PROBLEM TO WORK ON:
Below are entries with pictures in them. Output exactly the lines starting at the line with "Black Quilted Lambskin" and ending at the line with "Fitness Trampoline Walmart", both included, but not the pictures.

(Beginning of MATERIAL SHOWN)

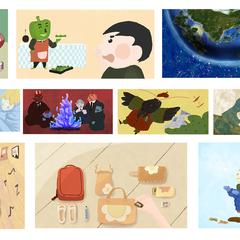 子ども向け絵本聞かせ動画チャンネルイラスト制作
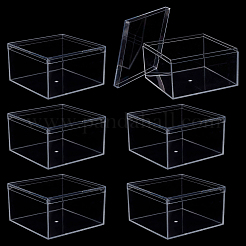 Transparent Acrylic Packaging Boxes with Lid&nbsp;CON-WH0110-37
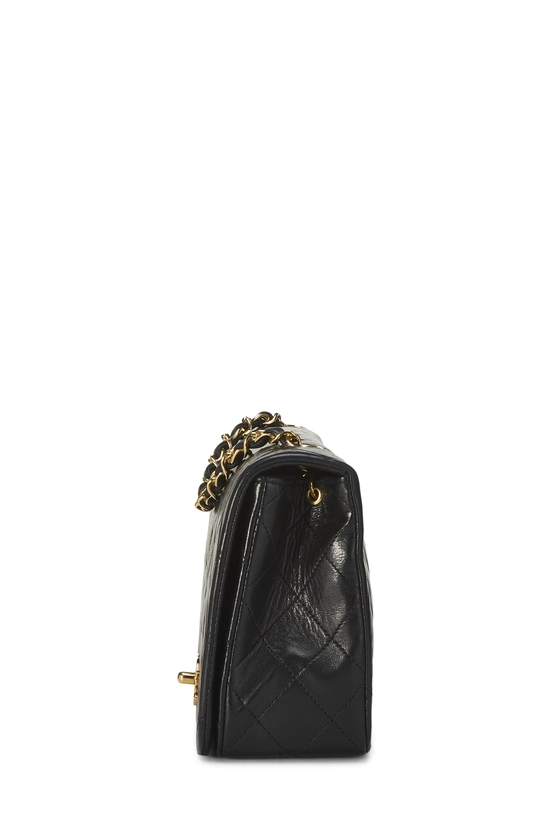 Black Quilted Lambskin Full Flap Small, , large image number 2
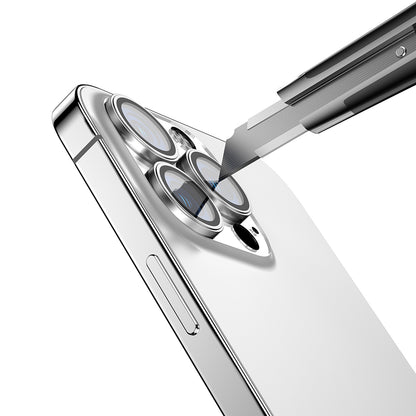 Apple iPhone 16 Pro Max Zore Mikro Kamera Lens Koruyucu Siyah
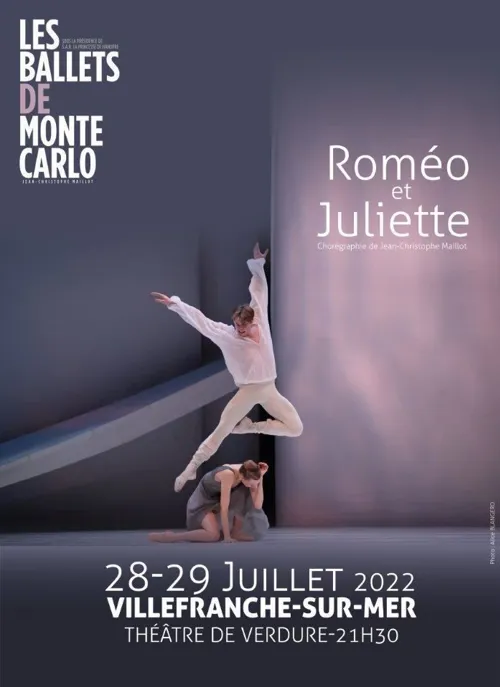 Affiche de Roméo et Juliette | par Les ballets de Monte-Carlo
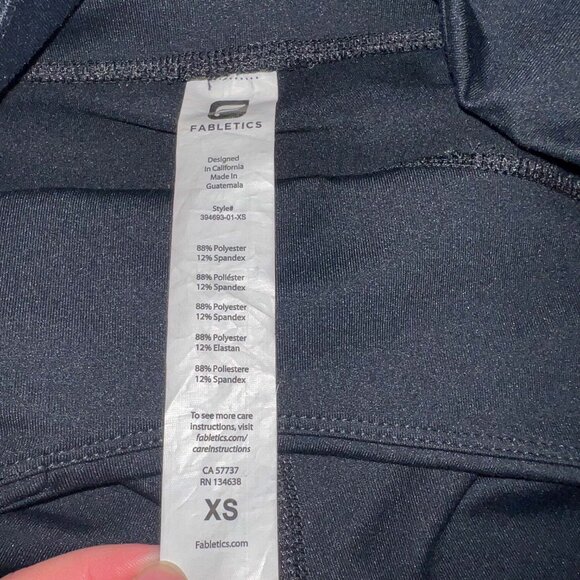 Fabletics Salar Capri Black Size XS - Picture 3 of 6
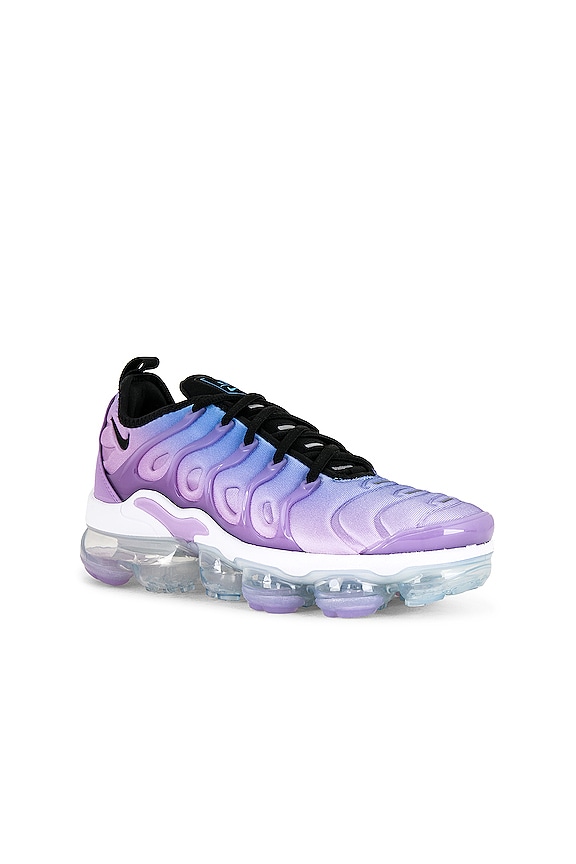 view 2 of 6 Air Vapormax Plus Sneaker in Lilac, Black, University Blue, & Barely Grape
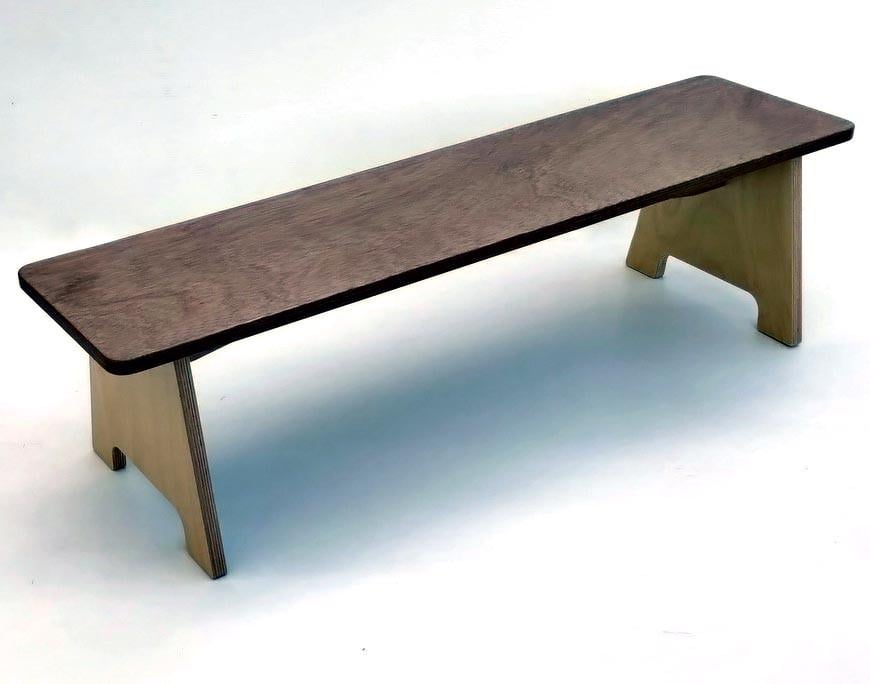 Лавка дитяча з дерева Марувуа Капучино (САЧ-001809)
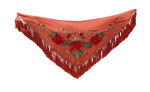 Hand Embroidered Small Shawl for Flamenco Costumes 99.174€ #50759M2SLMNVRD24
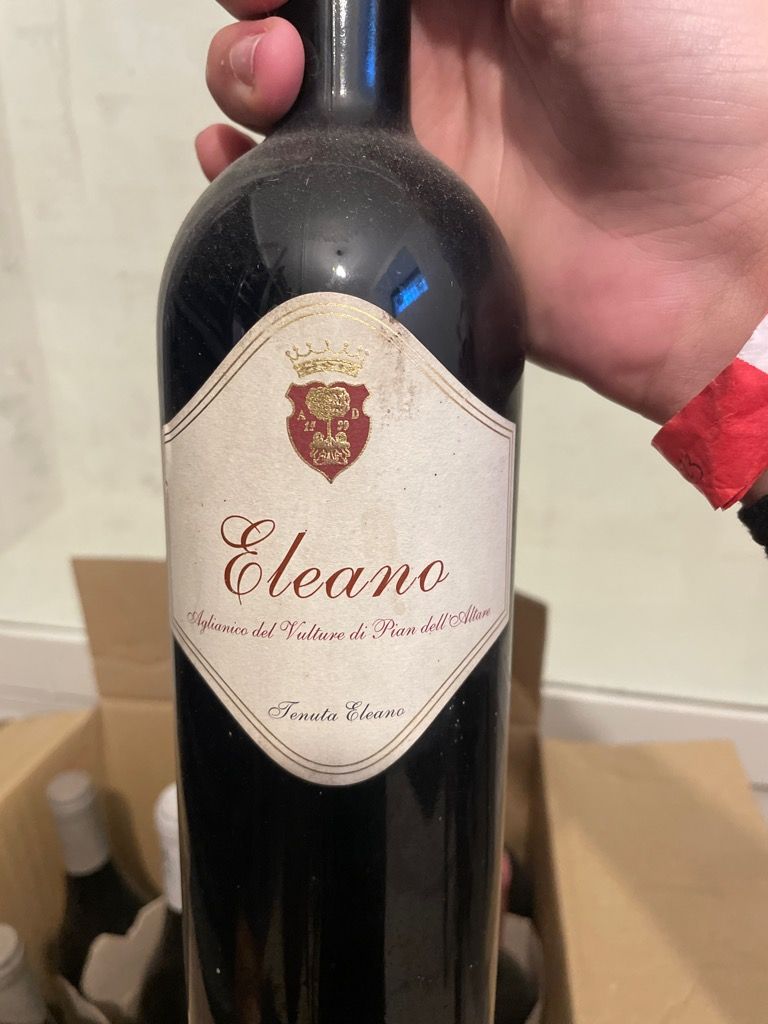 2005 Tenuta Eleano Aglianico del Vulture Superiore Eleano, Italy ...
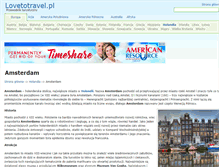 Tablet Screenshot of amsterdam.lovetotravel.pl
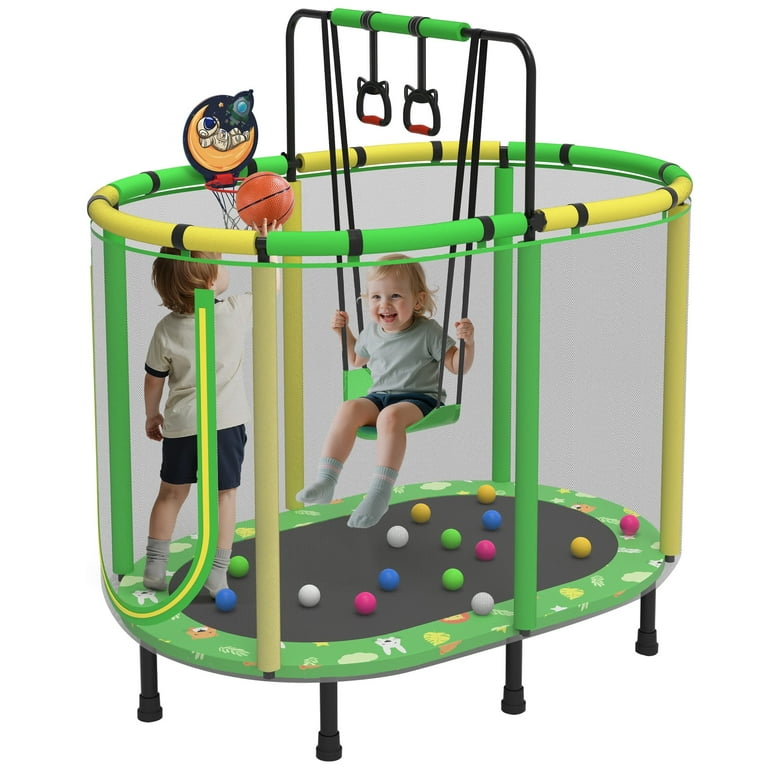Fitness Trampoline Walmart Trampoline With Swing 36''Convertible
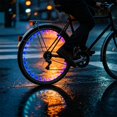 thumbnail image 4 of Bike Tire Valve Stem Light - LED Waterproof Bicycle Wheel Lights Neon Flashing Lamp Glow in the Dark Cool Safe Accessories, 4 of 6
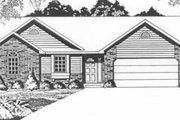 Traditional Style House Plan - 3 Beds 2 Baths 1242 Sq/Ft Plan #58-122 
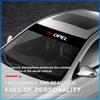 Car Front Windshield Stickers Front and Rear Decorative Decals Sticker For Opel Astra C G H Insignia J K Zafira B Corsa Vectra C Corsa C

(End of MATERIAL SHOWN)

ANSWER TO THE PROBLEM:
 Black Quilted Lambskin Full Flap Small, , large image number 2
 Apple iPhone 16 Pro Max Zore Mikro Kamera Lens Koruyucu Siyah
 Affiche de Roméo et Juliette | par Les ballets de Monte-Carlo
 Fabletics Salar Capri Black Size XS - Picture 3 of 6
 view 2 of 6 Air Vapormax Plus Sneaker in Lilac, Black, University Blue, & Barely Grape
 Лавка дитяча з дерева Марувуа Капучино (САЧ-001809)
 Hand Embroidered Small Shawl for Flamenco Costumes 99.174€ #50759M2SLMNVRD24
 2005 Tenuta Eleano Aglianico del Vulture Superiore Eleano, Italy ...
 Tablet Screenshot of amsterdam.lovetotravel.pl
Fitness Trampoline Walmart Trampoline With Swing 36''Convertible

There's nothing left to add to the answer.